Chamber Music Northwest ensembles revel in dynamic contrasts
With its concert on Friday evening (July 23) at Kaul Auditorium, Chamber Music Northwest placed an emphasis on pieces that explored the theme of dynamic contrasts. The program consisted of music by Mozart, Brahms, Schumann, and newcomer Paul Schoenfield. While Schoenfield’s work (co-commissioned by Chamber Music Northwest) was the wildest, all of the works revealed plenty of sonic variety, and all received superb performances.
The concert started with Mozart’s Sonata in B-Flat Major for Bassoon and Cello in a performance that featured bassoonist Milan Turkovic and cellist Gary Hoffman. They excelled in tip-toeing through the delicate passages, yet kept a refined sensitivity that was not stuffy or fluffy. They balanced their sound impeccably and executed accelerandos and ritardandos as if they were one person, and the last movement had a genuinely playful spirit.
From the get-go, Schoenfield’s Sonata for Violin and Piano underwent an intense performance by violinist Cho-Liang Lin and pianist Jon Kimura Parker.This four-movement work, co-commissioned by Chamber Music Northwest, gyrated wildly, skittering through an opening sequence that quoted snippets of Beethoven, Chopin, Schoenberg, Webern, Schubert and other composers as well as popular ballads like “Oh my darling Clementine.” Highlights included Lin impressively scaling stratospheric heights and grooving with Parker in a jaunty ragtime style. And that was all in the first movement. The second hit pay dirt with clashing sonorities, including some phrases in which the tone from Lin’s violin would just die on the vine in a magical, fleeting way.

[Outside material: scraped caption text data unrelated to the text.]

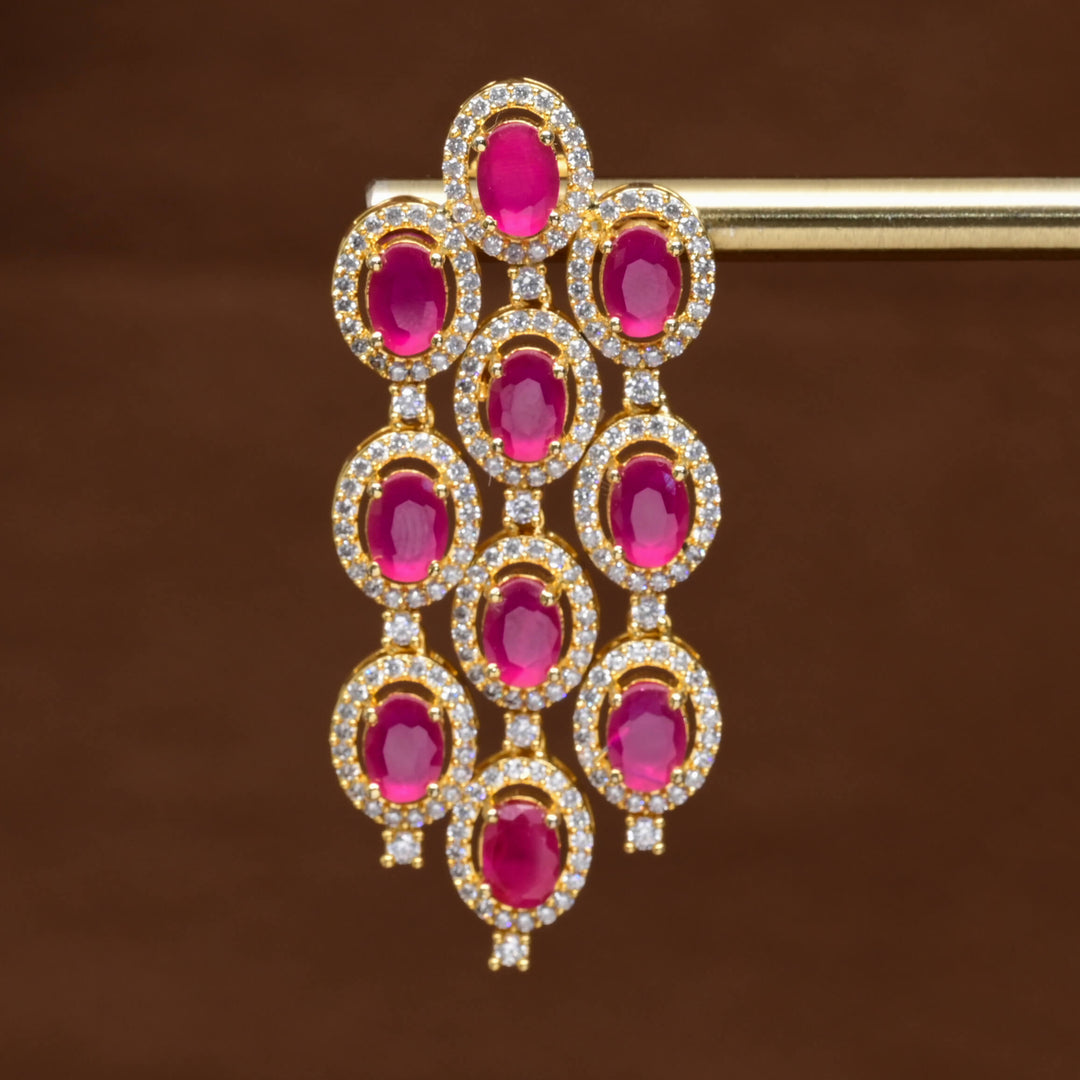 CZ Gold Finish Earrings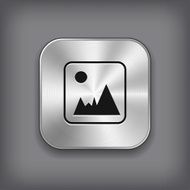 Photography icon - vector metal app button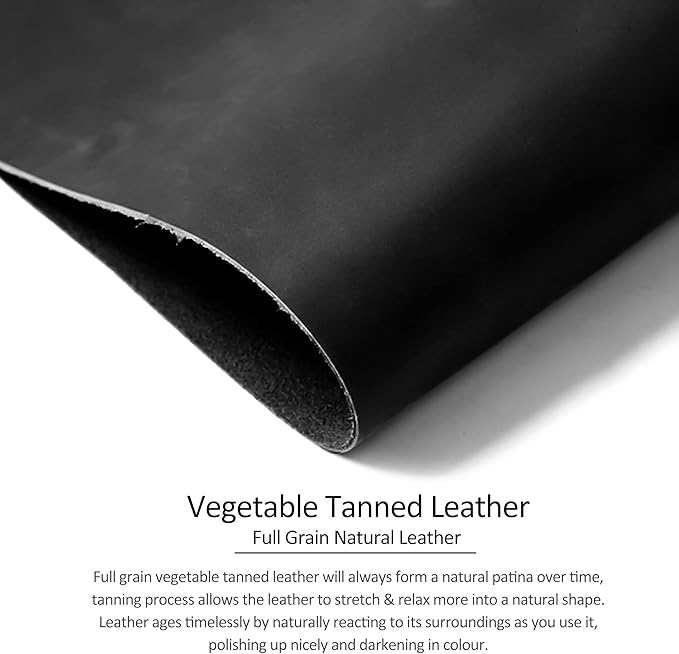 TobbinGear Leather Belt Phone Pouch, Left Handed Leather Cell Phone Holster, Universal Phone Case with Belt Loops, for Men and Women Black Large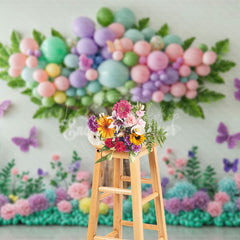 Lofaris Color Balloons Tree Butterfly Cake Smash Backdrop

The lyricism of the third movement was arresting, but I lost the thread of the music in the fourth movement. It seemed to spread in many directions, but it didn’t evade the audience, which responded to the final notes with enthusiasm.
In the hands of clarinetist David Shifrin, violist Toby Appel, and pianist Hyeyeon Park, Schumann’s Märchenerzählungen (“Fairy Tales”) for Clarinet, Viola, and Piano showed plenty of dynamic contrast. The ensemble wonderfully accented the Sturm und Drang-like passages, which steered the audience dramatically away from the pleasant sections and the phrases that emphasized tenderness and harmony. Park, in particular, deserved high praise for playing. She has a knack for sensing her colleagues every gesture, tempo and volume changes, and her playing lifted the level of music making.
Brahms’ Trio in C Minor for Piano, Violin, and Cello received an outstanding performance from Parker, Lin, and Hoffman. Their full-bodied sound had depth and urgency. Their attacks were sharp and exciting. The melodies warm and dazzling. At one point in the second movement Appel created a dark, almost musky tone that was matched perfectly by Hoffman. Parker played with terrific sensitivity, and the ensemble enhanced the overall effect of the music, sending the audience members home with a smile in their eyes.